Tuesday, June 12, 2007

10th week in ordinary time, Wed. June13, 2007

Dear Readers, please, use the blogspot for the readings the rest of June.
I will be in Pittsburgh and then on retreat with the Marianists of the
Province of the United States. Here is the internet blogspot

http://scripmed.blogspot.com

or scripmed@blogger.com


Scripture: II Corinthians 3:4-11. Psalm 99. Matthew 5:17-19. Lectionary
#361:

Jesus became one with humanity through his birth for he was born of Mary of
Nazareth, a Jewess. He explicitly tells us today in the Sermon on the
Mount that he identifies himself as an observer of the Torah both as a
faithful Jew and as a teacher. "Do not think I have come to abolish the
Torah and the Nebiim (the Law and the Prophets); I have come not to abolish
but to fulfill. For truly I tell you, until heaven and earth pass away, not
one letter, not one stroke of a letter, will pass from the Torah (the Law)
until all is accomplished.
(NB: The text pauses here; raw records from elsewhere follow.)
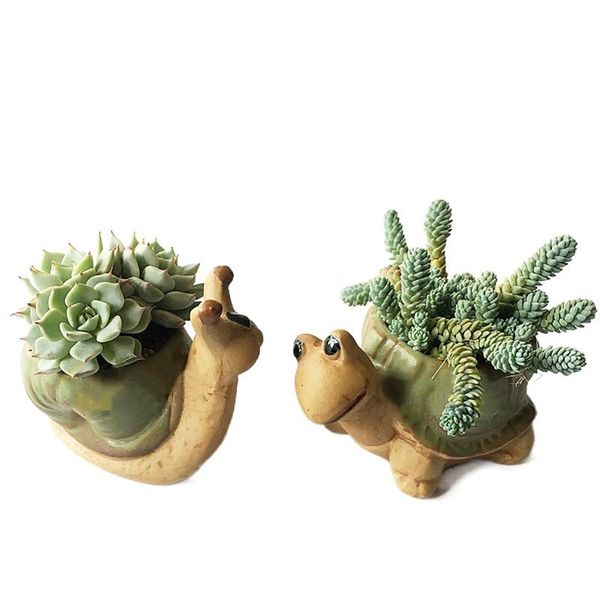 planters & pots cartoon cute tortoise hedgehog snails animal shaped mini flower pot for succulents planter flowerpot ceramic home garden dec
planters & pots cartoon cute tortoise hedgehog snails animal shaped mini flower pot for succulents planter flowerpot ceramic home garden dec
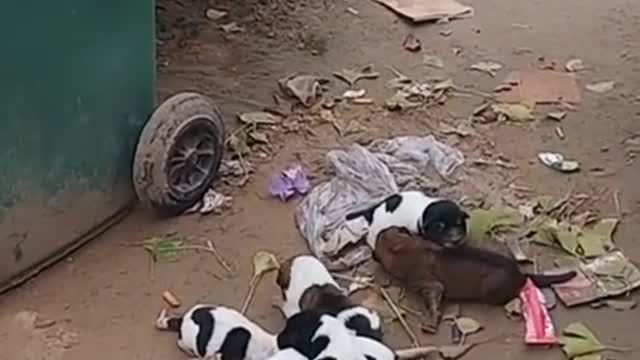 A group of super cute baby dogs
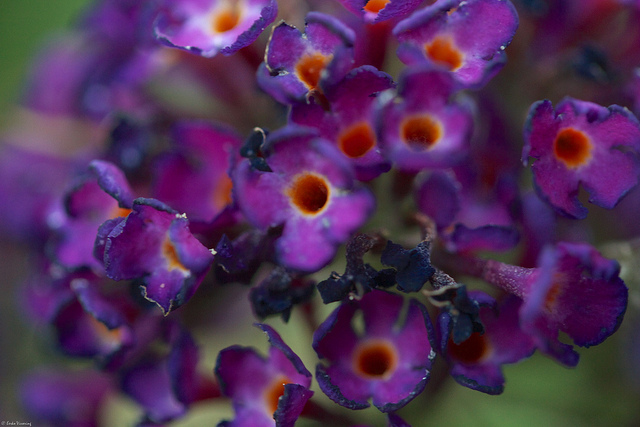Buddleia de david (Buddleja davidii)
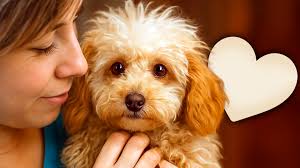 She Was Blind… Look at Her Now! Please donate, help us continue saving  lives https://letsadoptinternational.com/en/donate/ Her eyes were so  swollen, she couldn't see a thing. Today… she's seeing the world again for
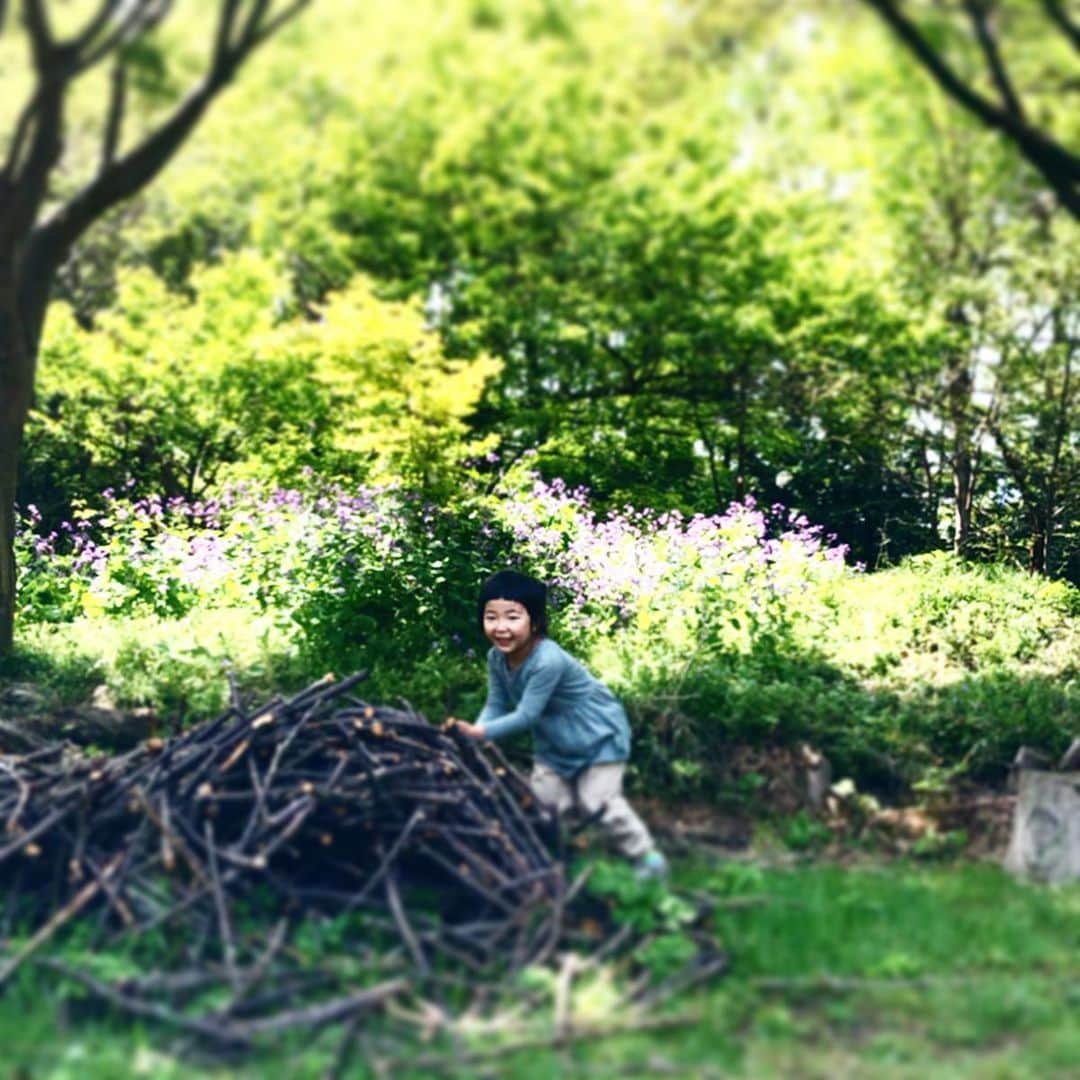 新井美穂さんのインスタグラム写真 - (新井美穂Instagram)「寝るのは絶対私と一緒。昼寝なし。それに加えて今日はまさかの5時半に起き出してきた娘にギョッとしたー！  大切な朝の私の時間よぉー😭（笑）  なので今日は朝から2時間、大笑いしながらひたすら人のいない道をお散歩して 自分で選んだパンを買って帰ってがっついてランチ。  これなら流石に昼寝してくれるだろうと思っているんだけども。。。（笑） #タフな娘#意地でも昼寝しない  何で寝ないの？と聞くと ビックリした顔して 「えーー？寝ない寝ない〜！ だって寝るのは夜でしょ？粘土遊びしようよー🎵」 保育園で毎日3時間ガッツリ寝てたくせにー  散歩してる保育園児たちを見て 「なつかしいよね〜」とコメントした娘😅（笑）  今日も早寝するしかないな😅  #娘3歳10ヶ月#昼寝求む#仙川さんぽ」4月16日 14時06分 - arai_miho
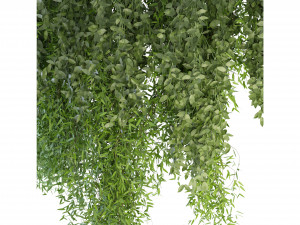 Collection Plant Vol 165 - Blender Model 3D मॉडल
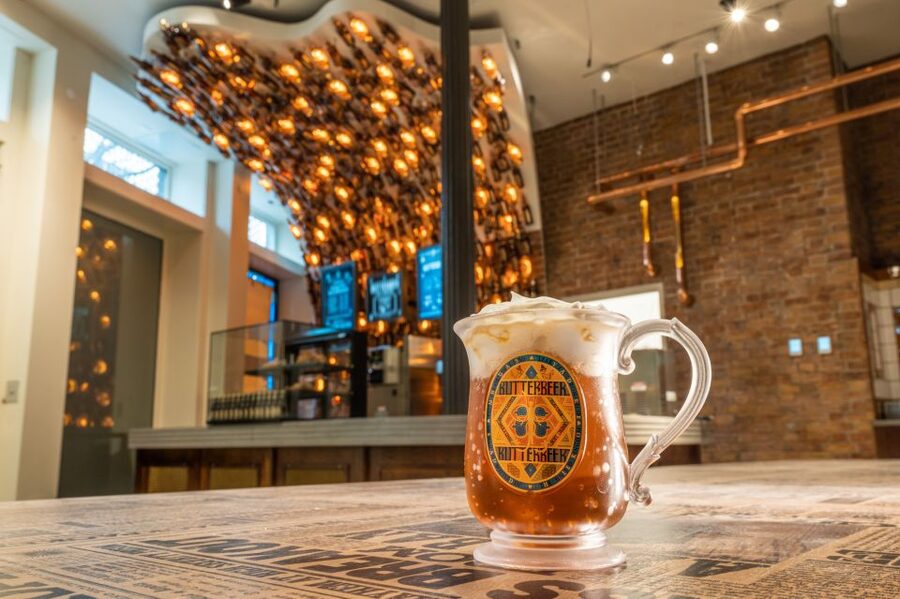 Harry Potter Shop New York: Magical Experiences - What the experience feels like for children and adults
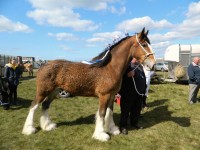 Clydesdale Horse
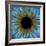 Eye, Iris-PASIEKA-Framed Premium Photographic Print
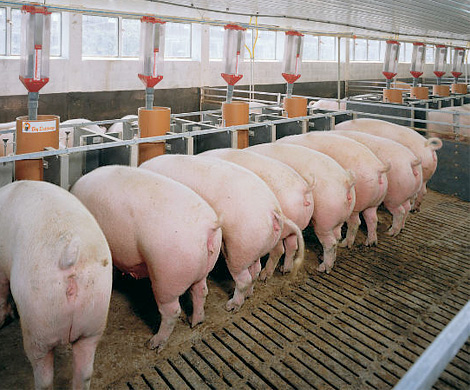 «Свинская» политика России не по вкусу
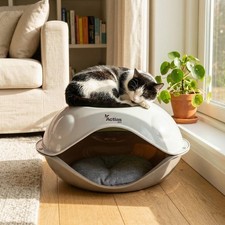 Cat Dog Bed Windproof Outdoor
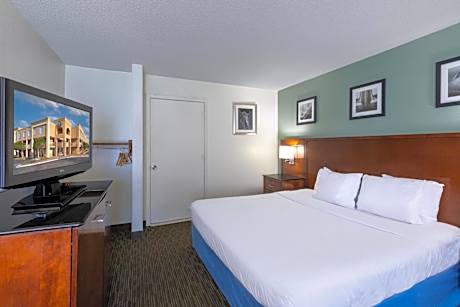 King Room - Disability Access - Non-Smoking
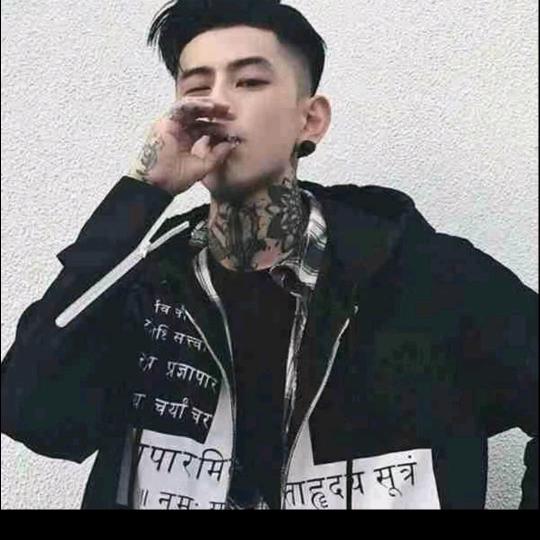 随手摘星辰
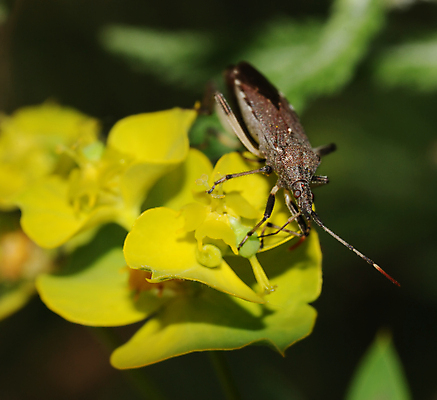 포토 JPG 해외이미지 식물 동물 꽃 야생동물 곤충 잎 날개 자연 생물 안테나 사람없음 야외 장식 초록색 노란색 정원 활발 해충 벌레 작음 딱정벌레 주둥이 내추럴 동물상 멀티 양발 특별함 해외포토 컬러 컨셉 통신 조형물 크기 생태계 파일형식 이미지허브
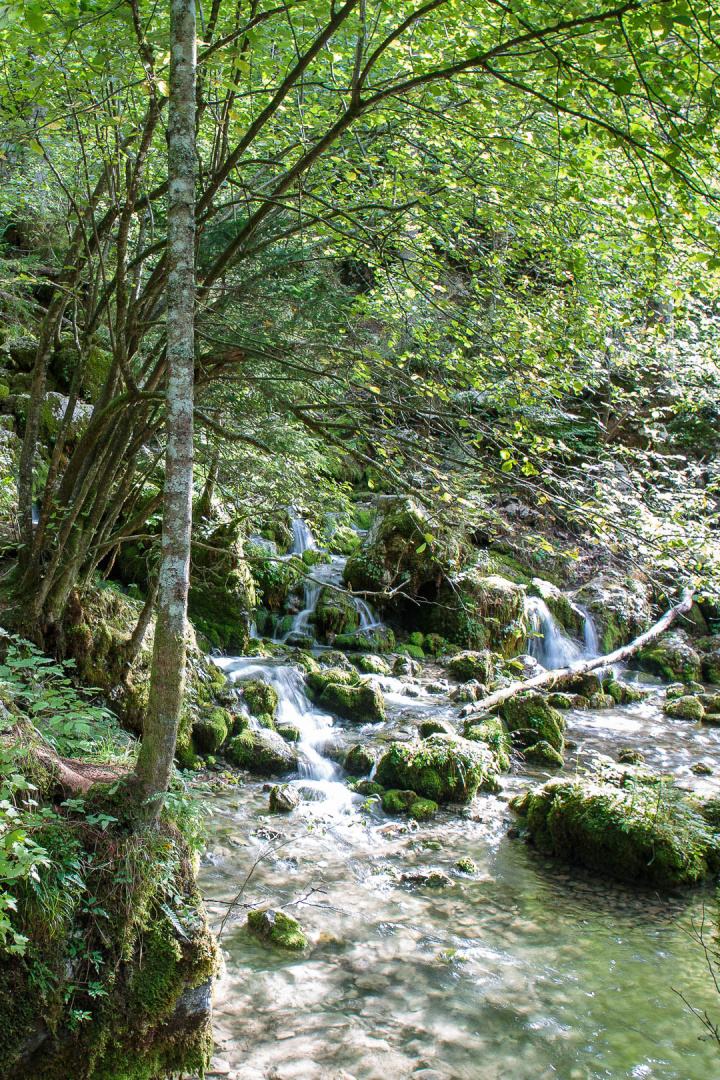 Zoom in 20 septembre 2022 - 10h23.jpg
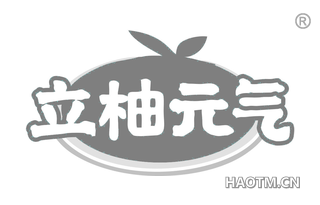 立柚元气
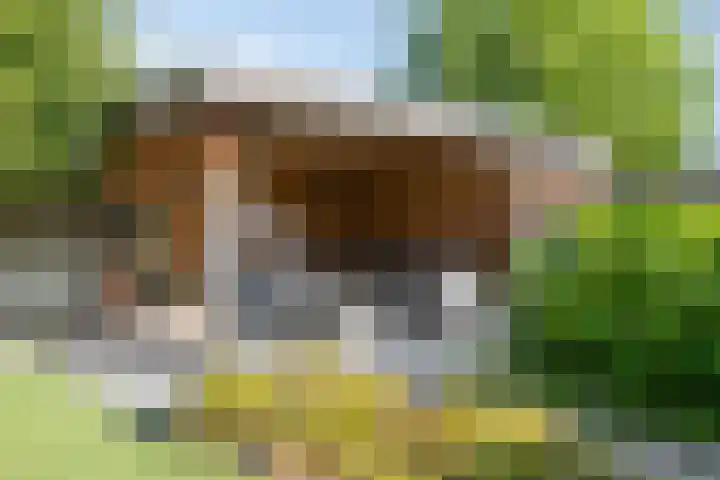 Landbouwlaan 185 Berghem thumbnail 51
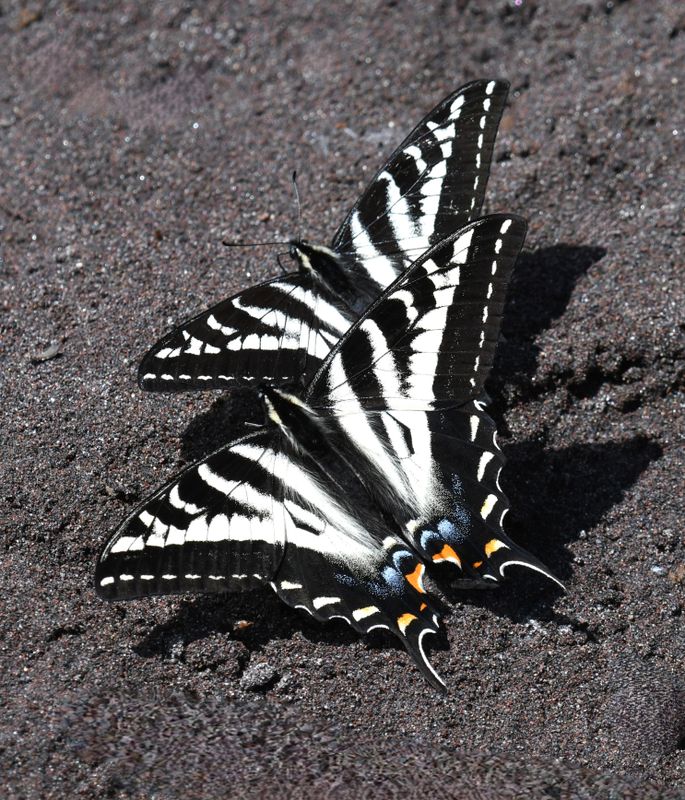 Pale Swallowtail: Papilio eurymedon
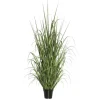Green Ryegrass Potted Plant-Kirkland's Home Store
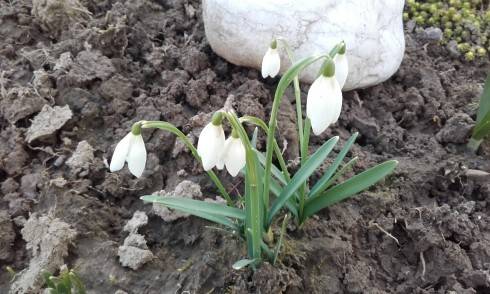 20170315_165339.jpg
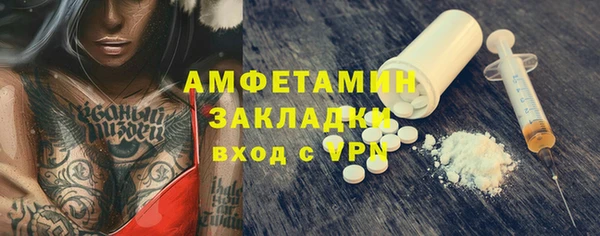 PSILOCYBIN Алзамай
Therefore, whoever breaks one of the least of
these commandments, and teaches others to do the same, will be called least
in the kingdom of heaven; but whoever does them and teaches them will be
great in the kingdom of heaven." Jesus always is truthful--then and now.
So he is a doer of the commandments and a righteous teacher of the spirit
and letter of the TANACH (The Torah, the Prophets, the Writings). Like
Moses, Jesus is also a true prophet after the spirit of the text found in
Deuteronomy in chapter 18: 15-22. The central thought is found in verse 18
as God speaks to Moses, "I will raise up for them a prophet like you from
among their own people; I will put my words in the mouth of the prophet,
who will speak to them everything I command. ...If a prophet speaks in the
name of the Lord, but the thing does not take place or prove true, it is a
word that the Lord has not spoken."(Dueteronomy 18:22). In the most recent
book of Benedict XVI, Jesus of Nazareth, the Pope dialogues in a literary
way with Jacob Neusner, a rabbi who addressed this question in A Rabbi
talks withJesus. Both are very close in their interpretation about Jesus'
respect and attitude toward the Torah, but Neusner stops the comparison
when it comes to the divinity of Jesus. The chapter on the Beatitudes and
the Sermon on the Mount is a powerful tribute to the Jewish religion and is
worthwhile for future dialogue between Jews and Christians. The Jewishness
of the Gospel of Matthew is evident. Pope Pius XI had given us a helpful
insight into understanding our relationship with each other as Jew and
Christian when he wrote, "We are all spiritually Semites." Jesus' written
Bible was theTANACH (the acronym for the Torah, Prophets, and Writings).
We Christians will know Jesus better by realizing how much of the Hebrew
Scriptures are part of the New Testament and its witness to who Jesus of
Nazareth is. We need to know these divine revelatory words in the same
spirit in which Jesus lived them out and did them. Amen. See especially
chapter four of Benedict's book, especially from pages 99-127 which has the
subtitle "The Torah of the Messiah".